[Start of section]

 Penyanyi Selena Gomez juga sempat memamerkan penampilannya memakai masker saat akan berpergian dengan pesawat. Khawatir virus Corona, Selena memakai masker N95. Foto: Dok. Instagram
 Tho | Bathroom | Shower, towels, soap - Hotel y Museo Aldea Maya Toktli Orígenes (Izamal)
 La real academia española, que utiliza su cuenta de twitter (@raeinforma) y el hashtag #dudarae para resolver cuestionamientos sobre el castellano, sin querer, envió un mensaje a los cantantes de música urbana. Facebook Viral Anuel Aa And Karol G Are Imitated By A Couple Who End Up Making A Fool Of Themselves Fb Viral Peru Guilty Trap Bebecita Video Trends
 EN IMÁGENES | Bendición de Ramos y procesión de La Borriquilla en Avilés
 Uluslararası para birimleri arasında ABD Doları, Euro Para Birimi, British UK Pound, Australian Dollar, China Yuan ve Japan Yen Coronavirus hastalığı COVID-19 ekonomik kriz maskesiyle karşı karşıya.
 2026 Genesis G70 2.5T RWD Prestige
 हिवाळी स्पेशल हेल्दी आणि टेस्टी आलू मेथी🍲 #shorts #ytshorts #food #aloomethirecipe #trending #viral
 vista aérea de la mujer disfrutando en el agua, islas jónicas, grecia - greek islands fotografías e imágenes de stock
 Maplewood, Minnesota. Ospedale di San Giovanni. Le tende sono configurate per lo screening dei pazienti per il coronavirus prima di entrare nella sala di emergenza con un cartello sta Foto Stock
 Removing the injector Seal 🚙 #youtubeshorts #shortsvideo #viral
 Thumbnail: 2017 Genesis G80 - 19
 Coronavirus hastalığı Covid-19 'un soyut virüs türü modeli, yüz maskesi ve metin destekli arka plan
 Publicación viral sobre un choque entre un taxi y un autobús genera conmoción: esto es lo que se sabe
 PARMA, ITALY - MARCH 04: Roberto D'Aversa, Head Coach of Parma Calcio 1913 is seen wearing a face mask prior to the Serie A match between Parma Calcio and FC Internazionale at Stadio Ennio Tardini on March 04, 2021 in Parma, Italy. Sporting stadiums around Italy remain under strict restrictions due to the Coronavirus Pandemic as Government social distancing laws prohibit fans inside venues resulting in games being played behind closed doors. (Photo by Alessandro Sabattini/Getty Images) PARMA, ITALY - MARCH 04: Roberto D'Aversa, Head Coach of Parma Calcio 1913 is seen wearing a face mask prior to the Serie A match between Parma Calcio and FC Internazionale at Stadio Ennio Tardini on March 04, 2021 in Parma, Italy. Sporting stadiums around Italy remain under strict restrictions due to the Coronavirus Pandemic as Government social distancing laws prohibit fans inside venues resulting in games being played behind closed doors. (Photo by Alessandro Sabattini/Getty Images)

[End of section]

Please provide an exact transcription of each line from the one holding "Removing the injector" through the final line of the data above.

 Removing the injector Seal 🚙 #youtubeshorts #shortsvideo #viral
 Thumbnail: 2017 Genesis G80 - 19
 Coronavirus hastalığı Covid-19 'un soyut virüs türü modeli, yüz maskesi ve metin destekli arka plan
 Publicación viral sobre un choque entre un taxi y un autobús genera conmoción: esto es lo que se sabe
 PARMA, ITALY - MARCH 04: Roberto D'Aversa, Head Coach of Parma Calcio 1913 is seen wearing a face mask prior to the Serie A match between Parma Calcio and FC Internazionale at Stadio Ennio Tardini on March 04, 2021 in Parma, Italy. Sporting stadiums around Italy remain under strict restrictions due to the Coronavirus Pandemic as Government social distancing laws prohibit fans inside venues resulting in games being played behind closed doors. (Photo by Alessandro Sabattini/Getty Images) PARMA, ITALY - MARCH 04: Roberto D'Aversa, Head Coach of Parma Calcio 1913 is seen wearing a face mask prior to the Serie A match between Parma Calcio and FC Internazionale at Stadio Ennio Tardini on March 04, 2021 in Parma, Italy. Sporting stadiums around Italy remain under strict restrictions due to the Coronavirus Pandemic as Government social distancing laws prohibit fans inside venues resulting in games being played behind closed doors. (Photo by Alessandro Sabattini/Getty Images)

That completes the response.